An NMS designation would permanently close Hudson Canyon to oil, gas and mineral exploration and extraction, while also allowing for responsible fishing within the boundaries of the sanctuary. An NMS designation would also provide increased research and STEM education opportunities.
“I am so pleased to see that NOAA has begun the process to designate Hudson Canyon as a National Marine Sanctuary,” said Senator Gillibrand. “This designation would be critical to protecting the diverse marine life within Hudson Canyon, and I look forward to seeing the process through to completion. Safeguarding these ecosystems is of paramount importance, especially with the rising threat of climate change, and I will continue working to ensure that New York’s natural treasures are preserved for future generations.”

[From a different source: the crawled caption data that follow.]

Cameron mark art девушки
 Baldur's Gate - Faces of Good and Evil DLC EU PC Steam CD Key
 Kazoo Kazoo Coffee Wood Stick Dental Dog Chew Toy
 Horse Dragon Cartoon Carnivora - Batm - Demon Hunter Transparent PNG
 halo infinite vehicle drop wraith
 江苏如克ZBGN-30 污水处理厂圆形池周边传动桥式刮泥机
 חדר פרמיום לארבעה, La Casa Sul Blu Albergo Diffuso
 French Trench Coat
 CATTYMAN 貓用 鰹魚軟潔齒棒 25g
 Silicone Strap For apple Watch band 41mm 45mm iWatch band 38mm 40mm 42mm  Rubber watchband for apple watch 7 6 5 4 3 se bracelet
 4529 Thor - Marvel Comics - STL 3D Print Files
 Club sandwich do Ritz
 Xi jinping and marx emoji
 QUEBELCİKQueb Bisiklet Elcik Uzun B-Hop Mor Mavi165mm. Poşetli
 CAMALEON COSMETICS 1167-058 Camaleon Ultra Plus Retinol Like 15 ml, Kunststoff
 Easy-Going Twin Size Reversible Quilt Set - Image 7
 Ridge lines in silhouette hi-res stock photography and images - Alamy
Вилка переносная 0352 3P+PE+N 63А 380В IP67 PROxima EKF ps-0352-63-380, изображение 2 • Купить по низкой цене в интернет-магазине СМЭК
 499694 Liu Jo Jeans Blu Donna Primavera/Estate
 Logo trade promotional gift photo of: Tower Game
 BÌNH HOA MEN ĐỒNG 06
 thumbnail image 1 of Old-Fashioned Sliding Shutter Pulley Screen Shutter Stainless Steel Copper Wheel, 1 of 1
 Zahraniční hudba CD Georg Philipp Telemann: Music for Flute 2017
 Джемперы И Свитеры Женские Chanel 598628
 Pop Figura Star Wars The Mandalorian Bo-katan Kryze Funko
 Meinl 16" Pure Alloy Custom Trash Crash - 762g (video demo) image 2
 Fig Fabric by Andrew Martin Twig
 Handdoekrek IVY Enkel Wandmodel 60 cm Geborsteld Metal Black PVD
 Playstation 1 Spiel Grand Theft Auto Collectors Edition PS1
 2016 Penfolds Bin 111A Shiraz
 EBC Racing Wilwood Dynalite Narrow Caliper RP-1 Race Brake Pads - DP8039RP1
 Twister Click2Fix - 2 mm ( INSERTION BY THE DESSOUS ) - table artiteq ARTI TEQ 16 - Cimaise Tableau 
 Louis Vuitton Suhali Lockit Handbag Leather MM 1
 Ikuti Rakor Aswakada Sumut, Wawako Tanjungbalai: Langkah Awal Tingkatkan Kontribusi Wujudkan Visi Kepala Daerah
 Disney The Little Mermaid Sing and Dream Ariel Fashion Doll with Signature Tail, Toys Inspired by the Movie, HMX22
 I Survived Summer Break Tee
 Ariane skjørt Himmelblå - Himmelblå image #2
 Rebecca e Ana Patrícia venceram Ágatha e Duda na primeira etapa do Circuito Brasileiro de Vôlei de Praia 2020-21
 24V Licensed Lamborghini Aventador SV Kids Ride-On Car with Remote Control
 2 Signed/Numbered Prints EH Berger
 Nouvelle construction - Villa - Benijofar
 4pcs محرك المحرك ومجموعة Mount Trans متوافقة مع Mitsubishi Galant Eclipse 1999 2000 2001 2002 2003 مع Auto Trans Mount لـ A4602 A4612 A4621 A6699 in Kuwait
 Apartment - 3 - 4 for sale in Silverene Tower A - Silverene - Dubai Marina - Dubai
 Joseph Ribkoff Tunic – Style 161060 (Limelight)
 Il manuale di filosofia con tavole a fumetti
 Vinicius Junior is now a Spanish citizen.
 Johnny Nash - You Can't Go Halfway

Hudson Canyon, beginning offshore about 100 miles southeast of the Statue of Liberty and stretching for another 350 miles, is the largest underwater canyon off the Atlantic Coast of the United States, and one of the largest submarine canyons in the world. The proposed sanctuary would encompass an ecologically rich area near one of the U.S.’s most populated coastlines, protecting deep sea corals, marine mammals, fishes, sea turtles, and seabirds, as well as species important to fisheries like squid, crabs and tunas. It would be the first NMS designation in New York and New Jersey ocean waters and the first in deep waters off the Mid-Atlantic Coast.
Senator Gillibrand’s push for the NMS designation of Hudson Canyon is part of her continual commitment to protecting the state’s environment, including having sent a letter in April urging NOAA to designate Hudson Canyon as an NMS. Senator Gillibrand also introduced the NY-NJ Watershed Protection Act back in January, legislation that would safeguard and restore the New York-New Jersey Watershed. The bill would address threats from climate change, legacy pollution, and untreated wastewater.